Kurt Beck, the weakened leader of Germany’s Social Democrats, on Monday dismissed suggestions he would resign and challenged his party to face up to “new political realities” by forging links with the country’s resurgent ex-communists.
The SPD, junior partner in chancellor Angela Merkel’s ruling grand coalition, needed a “a new positioning” towards possible coalition partners, including the Left party, which includes ex-communists and dissident Social Democrats, Mr Beck told a packed press conference in Berlin. He added emphatically that he intended to “keep hold of the reins” of the SPD.
“The rise of the Left party and therefore of a five-party system is a reflection of reality in our society and we must tackle this reality; this is different to [Germany] 10 years ago,” he said.
Mr Beck’s warning came against a backdrop of a marked fall in his personal ratings and support for the SPD following a series of political blunders that have raised questions about his leadership and strategy of moving his party leftwards.
He defended his decision to endorse a possible tie-up between the SPD and the Left party in the regional parliament in Hesse, west Germany.
The move caused uproar within the SPD because of long-standing antagonism towards the Left, but on Monday Mr Beck said a new approach was needed.

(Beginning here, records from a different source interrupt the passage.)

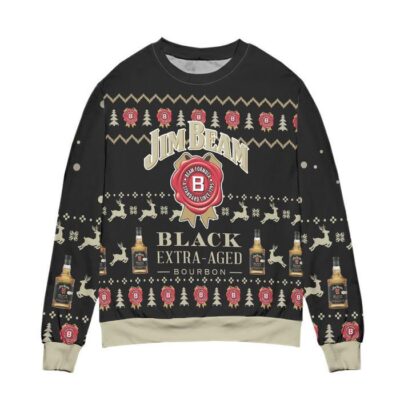 Jim Beam Black Extra Aged Bourbon Reindeer Pattern Ugly Christmas Sweater Black 1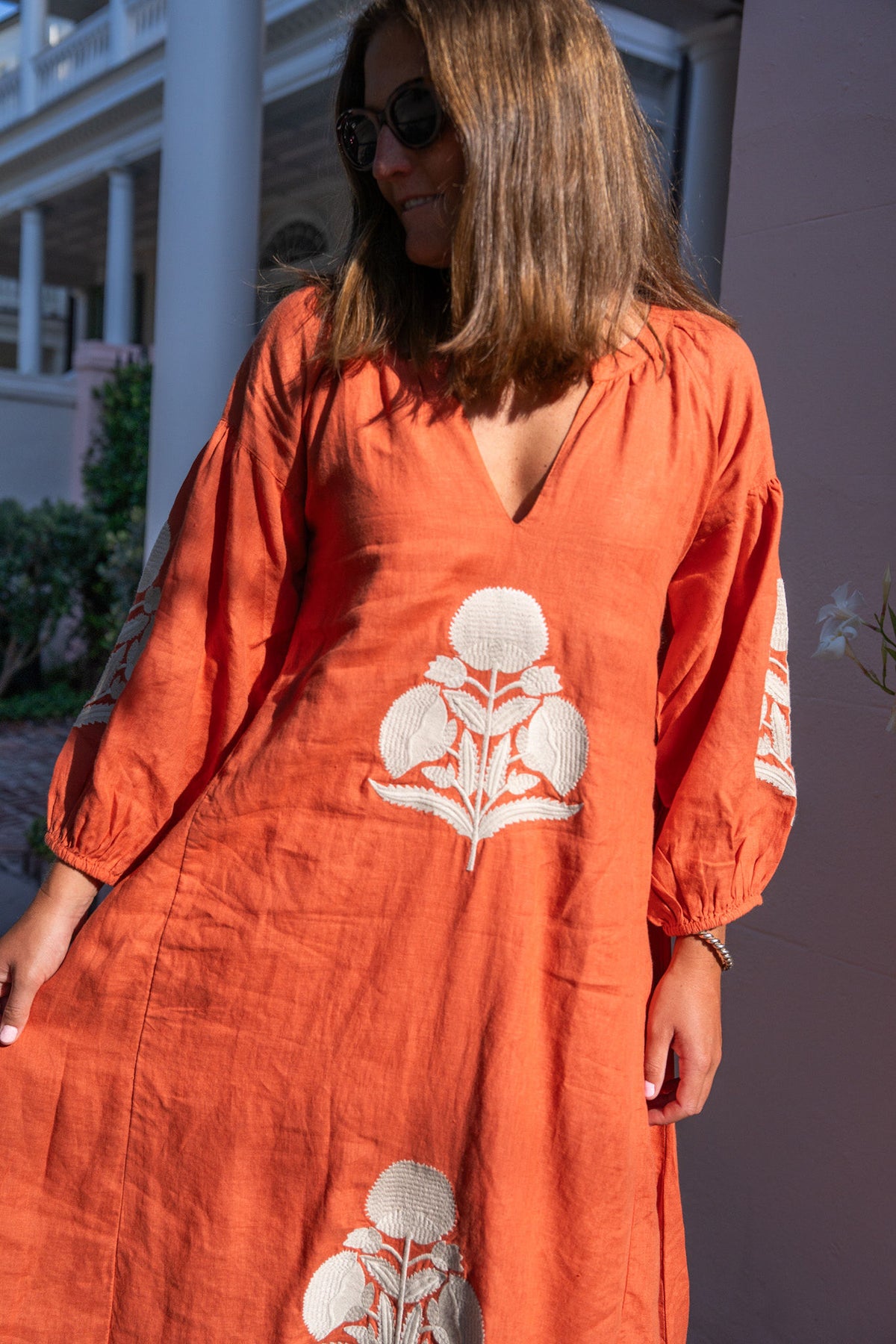 Sullivan Midi Dress Burnt Orange/Sand Milos Linen Embroidery Sullivan Midi Dress Burnt Orange/Sand Milos Linen Embroidery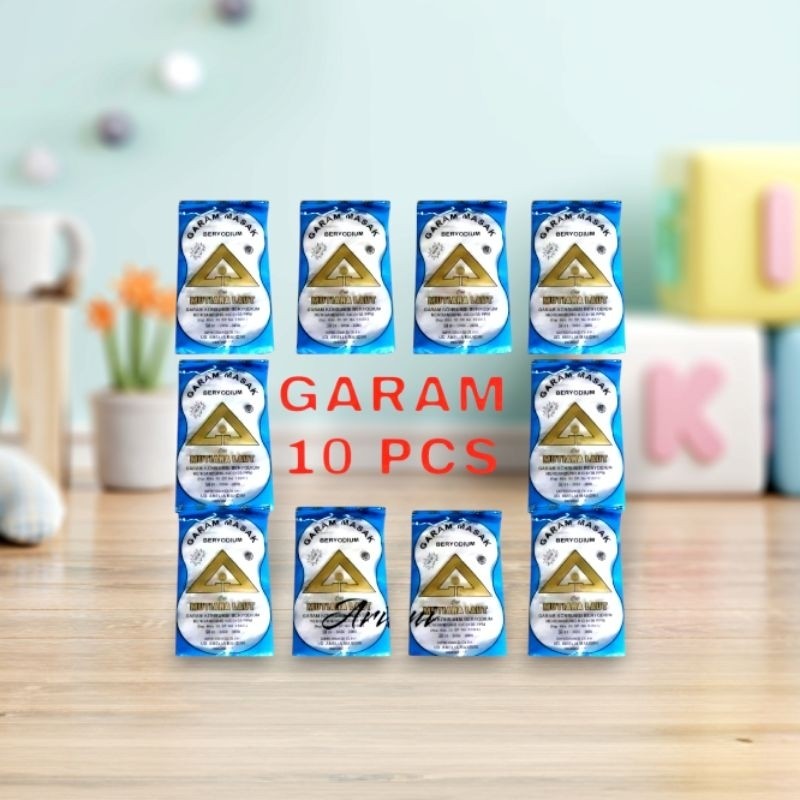 

10 Pcs Garam Masak Dapur Beryodium Cap segitiga By Arena Prabot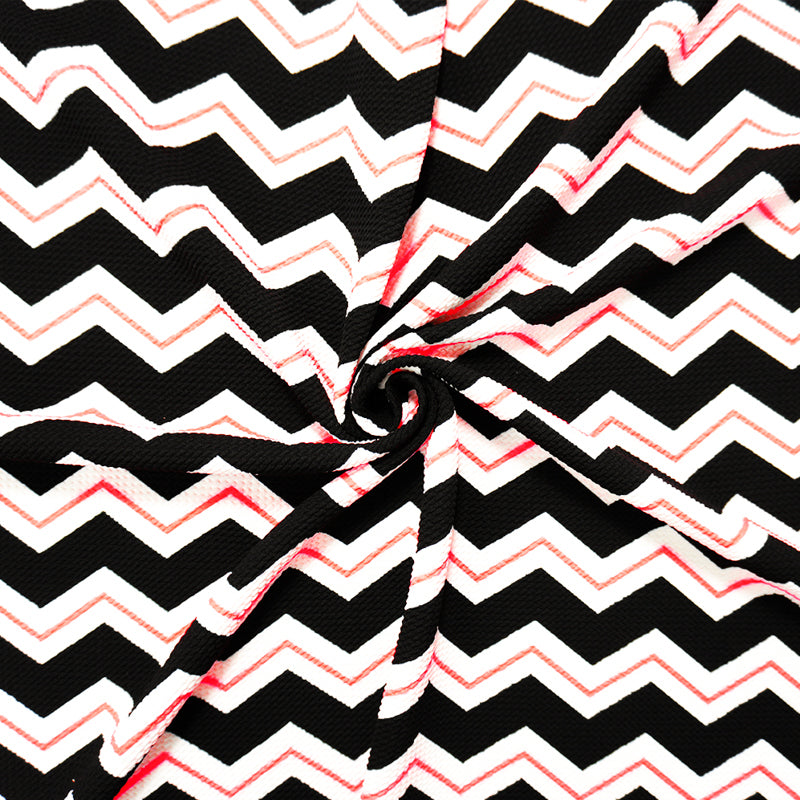 Black-White-Orange Poly Chevron Print Liverpool Double Knit Fabric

Over the past 25 years Germany’s historic three-party system has expanded to include the Greens and, more recently, the Left party, with the result that neither the centre-left nor the centre-right – the country’s traditional political movements – are likely to command national majorities in the near future.
Mr Beck conceded that his leftward shift, aimed at limiting the influence the Left party, had failed. This year the Left party entered three important west German regional parliaments for the first time.
He stressed that, despite the new possibilities of regional alliances with the Left, a coalition at national level next year was ruled out, because of the ex-communists’ “irresponsible” foreign policy. He said the party’s rejection of Nato and of the European Union’s reform treaty made co-operation impossible.
He admitted he had made tactical “mistakes” in his handling of the Left party issue but denied he had broken a promise to voters. “We have to be able to change strategy, otherwise we are paralysed politically”.
Mr Beck had promised before the Hesse election in January that there would be no co-operation with the Left party. Oskar Niedermayer, politics expert at Berlin’s Free university, said voters would not accept the party leader’s excuse so easily. “His credibility is damaged,” he said.
Despite this, and pressure from the party’s pro-reform wing, Mr Beck remains the likely candidate to challenge chancellor Angela Merkel in next year’s national elections, party officials said.
●Mr Beck said the SPD would insist that under the partial privatisation of Deutsche Bahn, the state-owned railway operator would remain an integrated company and would not be broken up.